MEXICO CITY (Reuters) – Mexican President Andres Manuel Lopez Obrador on Tuesday described as “shameful” reports of purported government-ordered cyber spying several years ago that may have targeted him and his close allies and said his government did not spy on anyone.
The Guardian newspaper reported on Monday that at least 50 people close to Lopez Obrador, among others, were potentially targeted by the previous administration of President Enrique Peña Nieto after it purchased Pegasus spying software from Israel-based NSO Group.
The Mexican Attorney General’s Office on Tuesday said it was planning to use some of the new information for its already-open investigation into spying on individuals using the Pegasus software.
“The (new) information is being incorporated into the already launched investigation,” the office said in a statement.

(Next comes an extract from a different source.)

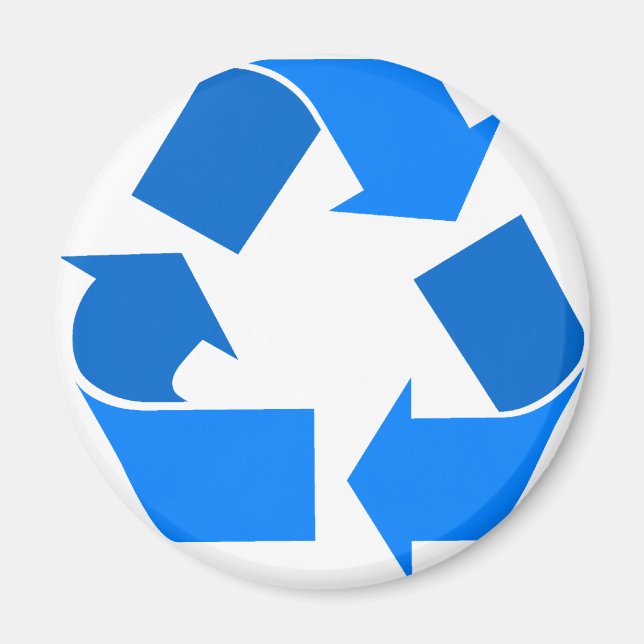 Íman reciclar azul claro (Frente)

The Guardian’s reporting was based on what the newspaper and other media outlets have said was a leak of some 50,000 phone numbers that were selected for possible surveillance by NSO Group’s government clients.
The list, first accessed by the French nonprofit journalist outlet Forbidden Stories and advocacy group Amnesty International, was shared with The Guardian and more than a dozen other news outlets.

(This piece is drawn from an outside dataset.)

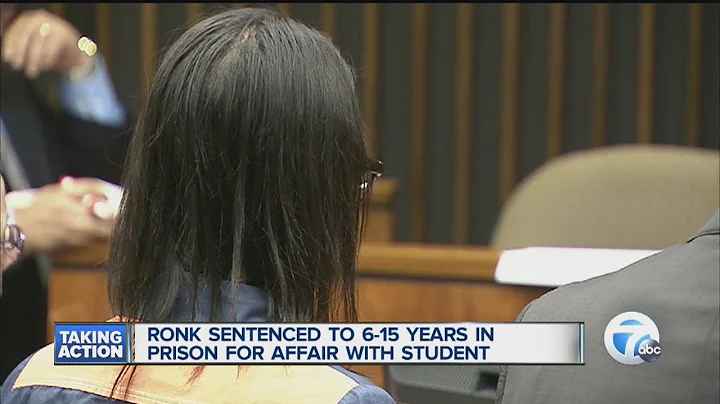 Ronk sentenced to prison for affair with student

Reuters has not been able to independently confirm the existence of the data leak or whether the contract was still active.

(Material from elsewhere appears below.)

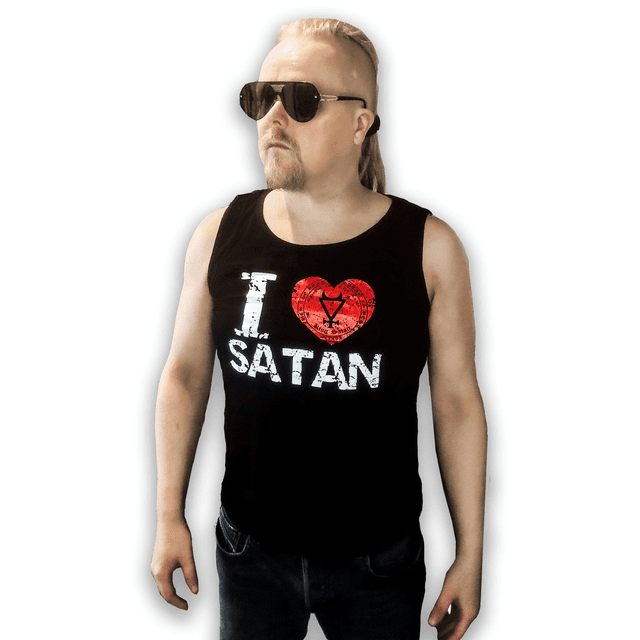 I ❤️ Satan Unisex Tank Top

NSO Group rejected the reports of a data leak.
Pegasus was exclusively sold to government clients around the world by the Israeli company. In 2017, Citizen Lab, a group of researchers based at the University of Toronto’s Munk School of Global Affairs, said targets included the phones of journalists, human rights activists and experts investigating the 2014 disappearance of 43 Mexican students.
Lopez Obrador has accused his predecessor’s government of being rife with corruption and abuses. He said on Tuesday that if the Pegasus contact was still active it must be canceled.
Mexico’s defense ministry and attorney general’s office were clients of NSO Group.